▶ [Scraped caption text data]

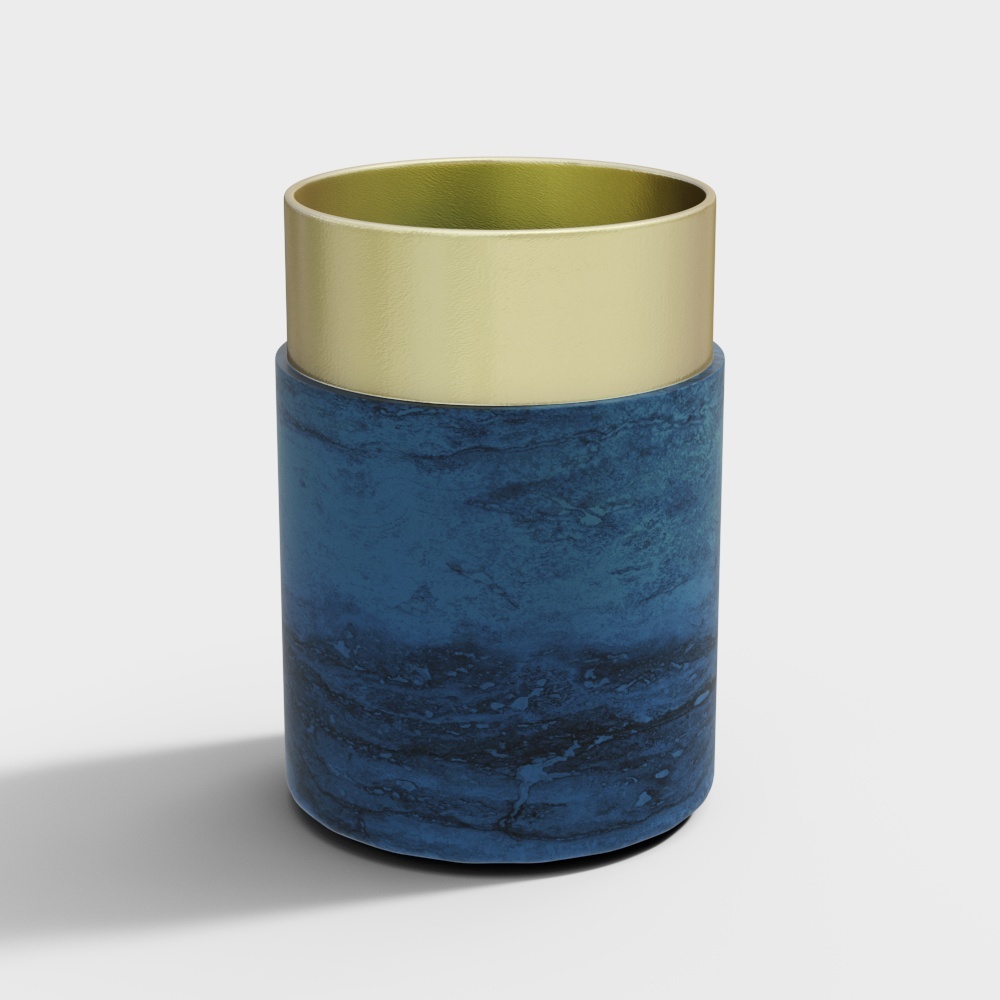 Elegant Marble Vase 3D Model – Blue Marble with Gold Trim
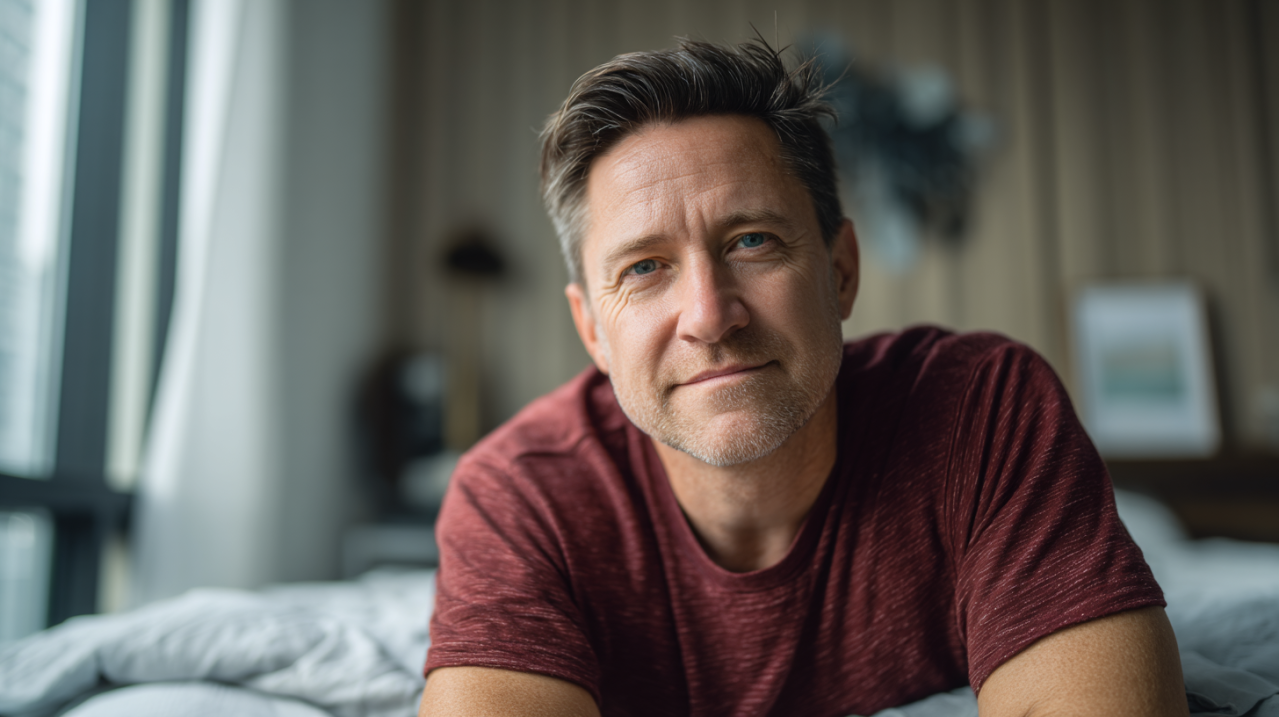 confident man in bedroom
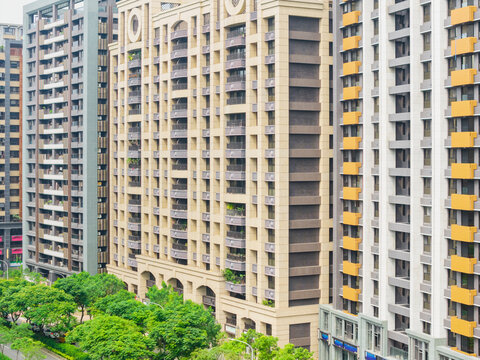 Modern High Rise Apartment Buildings in Urban Cityscape
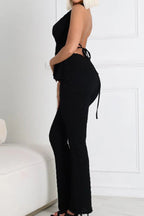 Tie-Up Backless Halter with Long Pants Sets Lavish Daily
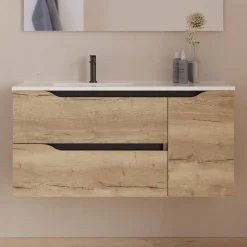 Meuble sous vasque seul, 2 tiroirs et 1 porte, 100cm, vasque déportée gauche - madera miel (bois clair) - ZARZA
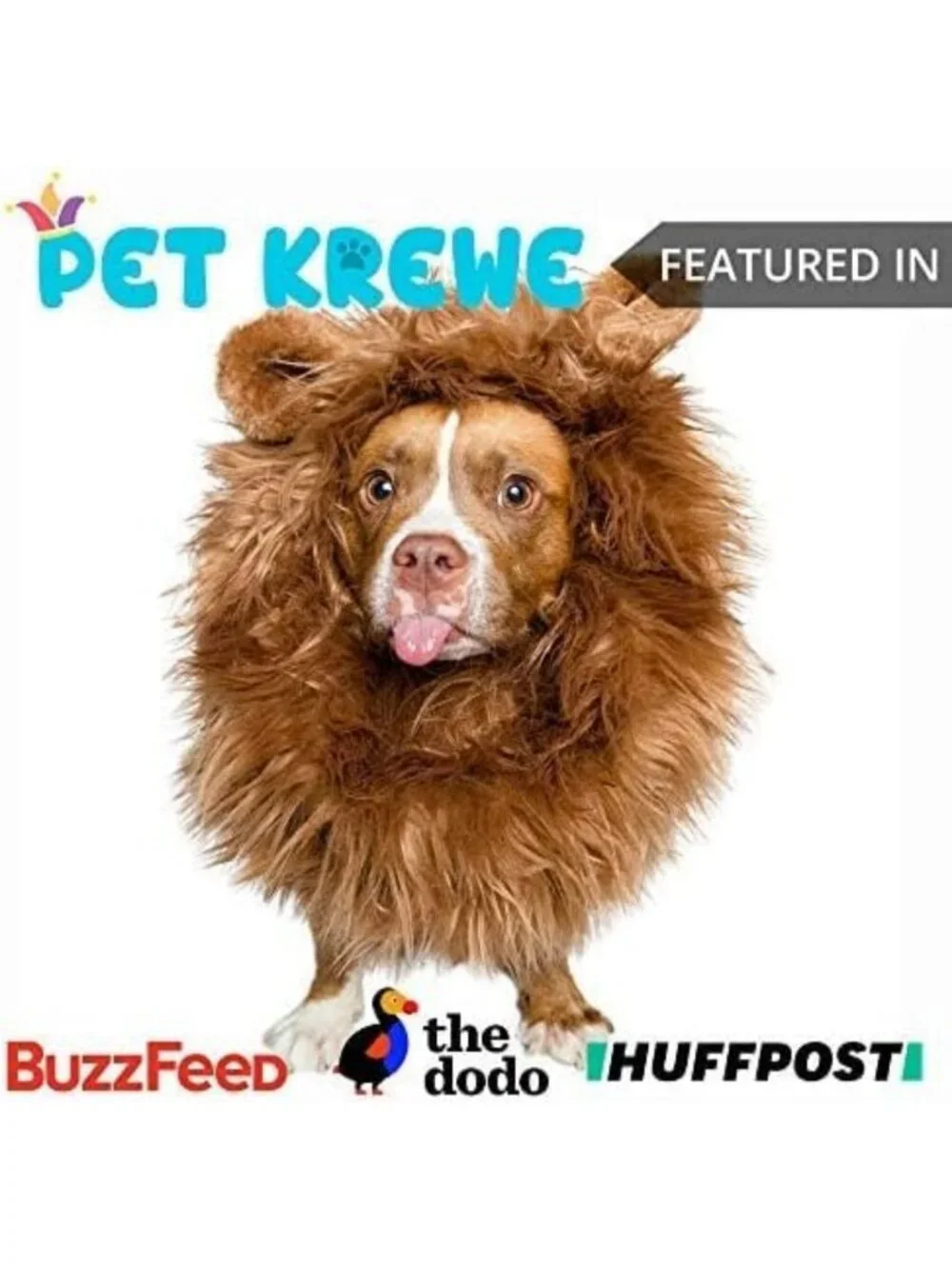 Large Dog Lion Mane Costume & Wig - Fun Pet Costume for Halloween & Parties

▶ [WHAT NEEDS TO BE DONE] Please reproduce the lines exactly from the one containing "Modern High Rise" through the last line of the data above, and keep the pictures out.

▶ [EXERCISE OUTPUT]
 Modern High Rise Apartment Buildings in Urban Cityscape
 Tie-Up Backless Halter with Long Pants Sets Lavish Daily
 Meuble sous vasque seul, 2 tiroirs et 1 porte, 100cm, vasque déportée gauche - madera miel (bois clair) - ZARZA
 Large Dog Lion Mane Costume & Wig - Fun Pet Costume for Halloween & Parties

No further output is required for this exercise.